Le raccontai la mia situazione, i trascorsi con i miei compagni di classe e appena arrivai a quel che era successo quel giorno corse via e la sentii urlare: era entrata nella mia classe e aveva visto ciò che io avevo visto poco prima. Quel che accadde dopo quel giorno lo puoi immaginare piccola mia, chiamarono il nonno e la nonna, la preside fece un lungo discorso a tutti noi della classe, ma poi io decisi di cambiare scuola; il nonno chiese il trasferimento qui, a Viterbo …proprio dove ho conosciuto il tuo papà!”
“Babbo Stefano!” disse Francesca, la mia piccola Francesca che a scuola stava facendo un progetto contro il bullismo con la provincia di Viterbo e mi aveva chiesto se avessi mai vissuto qualcosa di simile. Era bastato quello perché cominciassi a rievocare quei neri mesi di scuola.
“Amore mio ricordati sempre che tutte quelle cose che sembrano uno scherzo, se restano fatti isolati... tutti insieme e ripetuti nel tempo hanno un nome diverso.
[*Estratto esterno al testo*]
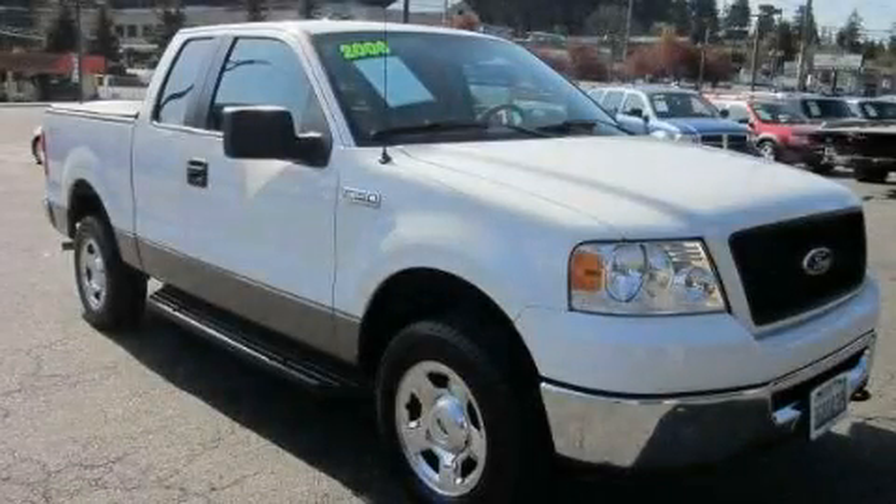This is a 2006 Ford F-150. It has the power to move what you need and the look, too.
Si tratta di bullismo e tu amore, devi chiamarlo col suo nome, tu ti chiami Francesca e lui Bullismo, ma spero tu non debba mai ricordare questa parola, vorrà dire che questa cosa brutta brutta che è accaduta alla mamma non accadrà più e sarà solo una cosa vecchia, come la preistoria.” Le diedi un bacio sulla fronte perché forse era un discorso troppo serio per una ragazzina delle elementari, ma credo che abbia capito davvero che le cose brutte così non devono accadere e in qualunque cosa vanno chiamate col loro nome e denunciate. Il bullismo sembra un gioco ma è il gioco che nessun bambino dovrebbe imparare.